Below are records; transcribe only the line with "Land Rover Range" and those after it, through the last line, without any change.

BEGIN MATERIAL FOR THIS EXERCISE

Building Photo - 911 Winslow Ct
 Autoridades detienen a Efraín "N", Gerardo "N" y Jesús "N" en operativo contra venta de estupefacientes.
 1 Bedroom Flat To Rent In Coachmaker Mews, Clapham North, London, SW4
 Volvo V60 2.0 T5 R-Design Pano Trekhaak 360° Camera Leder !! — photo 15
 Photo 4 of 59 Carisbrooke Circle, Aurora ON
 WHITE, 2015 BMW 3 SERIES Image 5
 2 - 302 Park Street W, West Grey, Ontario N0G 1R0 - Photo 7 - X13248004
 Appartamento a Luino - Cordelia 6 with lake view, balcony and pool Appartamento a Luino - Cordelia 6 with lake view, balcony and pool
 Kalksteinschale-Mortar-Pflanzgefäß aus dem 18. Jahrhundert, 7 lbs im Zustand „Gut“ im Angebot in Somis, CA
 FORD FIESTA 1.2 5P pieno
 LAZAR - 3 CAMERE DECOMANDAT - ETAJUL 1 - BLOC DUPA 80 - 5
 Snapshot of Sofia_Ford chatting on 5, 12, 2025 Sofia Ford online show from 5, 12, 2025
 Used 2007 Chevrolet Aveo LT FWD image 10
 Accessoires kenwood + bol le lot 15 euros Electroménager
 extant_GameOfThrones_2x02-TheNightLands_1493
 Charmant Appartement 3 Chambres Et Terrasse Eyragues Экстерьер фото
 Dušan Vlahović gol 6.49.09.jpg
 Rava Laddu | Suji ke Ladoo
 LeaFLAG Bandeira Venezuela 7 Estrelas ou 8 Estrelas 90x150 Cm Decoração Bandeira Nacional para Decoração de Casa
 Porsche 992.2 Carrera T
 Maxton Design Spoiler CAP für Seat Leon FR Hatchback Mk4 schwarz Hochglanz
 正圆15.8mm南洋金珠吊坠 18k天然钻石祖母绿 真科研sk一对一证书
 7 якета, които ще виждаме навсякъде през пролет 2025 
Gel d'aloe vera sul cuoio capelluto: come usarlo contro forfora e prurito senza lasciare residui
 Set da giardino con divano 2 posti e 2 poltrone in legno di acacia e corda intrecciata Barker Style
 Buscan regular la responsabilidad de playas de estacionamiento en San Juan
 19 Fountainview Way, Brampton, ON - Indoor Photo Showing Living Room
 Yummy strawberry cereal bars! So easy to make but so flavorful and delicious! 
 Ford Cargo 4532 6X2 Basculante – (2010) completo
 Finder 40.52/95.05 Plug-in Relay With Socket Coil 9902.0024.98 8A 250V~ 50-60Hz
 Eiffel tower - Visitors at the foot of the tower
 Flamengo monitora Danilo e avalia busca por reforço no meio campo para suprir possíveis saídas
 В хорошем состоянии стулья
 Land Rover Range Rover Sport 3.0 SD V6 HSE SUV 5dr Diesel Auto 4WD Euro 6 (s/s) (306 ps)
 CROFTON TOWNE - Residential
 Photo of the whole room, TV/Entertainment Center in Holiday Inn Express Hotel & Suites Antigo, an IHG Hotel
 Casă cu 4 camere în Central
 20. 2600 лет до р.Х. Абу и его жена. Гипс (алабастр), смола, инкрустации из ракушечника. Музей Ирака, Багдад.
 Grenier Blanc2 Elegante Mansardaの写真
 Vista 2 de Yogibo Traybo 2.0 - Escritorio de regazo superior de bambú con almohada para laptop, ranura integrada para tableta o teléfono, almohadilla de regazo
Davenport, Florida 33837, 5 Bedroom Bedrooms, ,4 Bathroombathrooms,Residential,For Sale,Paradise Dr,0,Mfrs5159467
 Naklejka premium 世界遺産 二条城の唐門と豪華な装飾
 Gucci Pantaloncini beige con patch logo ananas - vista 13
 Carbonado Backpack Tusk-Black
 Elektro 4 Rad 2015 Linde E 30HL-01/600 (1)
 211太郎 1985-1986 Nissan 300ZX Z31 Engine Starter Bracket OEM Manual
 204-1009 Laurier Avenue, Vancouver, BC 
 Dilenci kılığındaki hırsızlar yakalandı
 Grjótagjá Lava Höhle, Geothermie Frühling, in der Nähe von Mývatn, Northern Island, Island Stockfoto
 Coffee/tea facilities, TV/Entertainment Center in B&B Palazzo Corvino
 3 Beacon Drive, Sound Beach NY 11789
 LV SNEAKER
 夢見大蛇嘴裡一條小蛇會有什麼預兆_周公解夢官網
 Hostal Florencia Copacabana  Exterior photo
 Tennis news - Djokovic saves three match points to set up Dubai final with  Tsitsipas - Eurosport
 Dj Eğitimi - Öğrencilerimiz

END MATERIAL FOR THIS EXERCISE

● **WORKED SOLUTION**:
 Land Rover Range Rover Sport 3.0 SD V6 HSE SUV 5dr Diesel Auto 4WD Euro 6 (s/s) (306 ps)
 CROFTON TOWNE - Residential
 Photo of the whole room, TV/Entertainment Center in Holiday Inn Express Hotel & Suites Antigo, an IHG Hotel
 Casă cu 4 camere în Central
 20. 2600 лет до р.Х. Абу и его жена. Гипс (алабастр), смола, инкрустации из ракушечника. Музей Ирака, Багдад.
 Grenier Blanc2 Elegante Mansardaの写真
 Vista 2 de Yogibo Traybo 2.0 - Escritorio de regazo superior de bambú con almohada para laptop, ranura integrada para tableta o teléfono, almohadilla de regazo
Davenport, Florida 33837, 5 Bedroom Bedrooms, ,4 Bathroombathrooms,Residential,For Sale,Paradise Dr,0,Mfrs5159467
 Naklejka premium 世界遺産 二条城の唐門と豪華な装飾
 Gucci Pantaloncini beige con patch logo ananas - vista 13
 Carbonado Backpack Tusk-Black
 Elektro 4 Rad 2015 Linde E 30HL-01/600 (1)
 211太郎 1985-1986 Nissan 300ZX Z31 Engine Starter Bracket OEM Manual
 204-1009 Laurier Avenue, Vancouver, BC 
 Dilenci kılığındaki hırsızlar yakalandı
 Grjótagjá Lava Höhle, Geothermie Frühling, in der Nähe von Mývatn, Northern Island, Island Stockfoto
 Coffee/tea facilities, TV/Entertainment Center in B&B Palazzo Corvino
 3 Beacon Drive, Sound Beach NY 11789
 LV SNEAKER
 夢見大蛇嘴裡一條小蛇會有什麼預兆_周公解夢官網
 Hostal Florencia Copacabana  Exterior photo
 Tennis news - Djokovic saves three match points to set up Dubai final with  Tsitsipas - Eurosport
 Dj Eğitimi - Öğrencilerimiz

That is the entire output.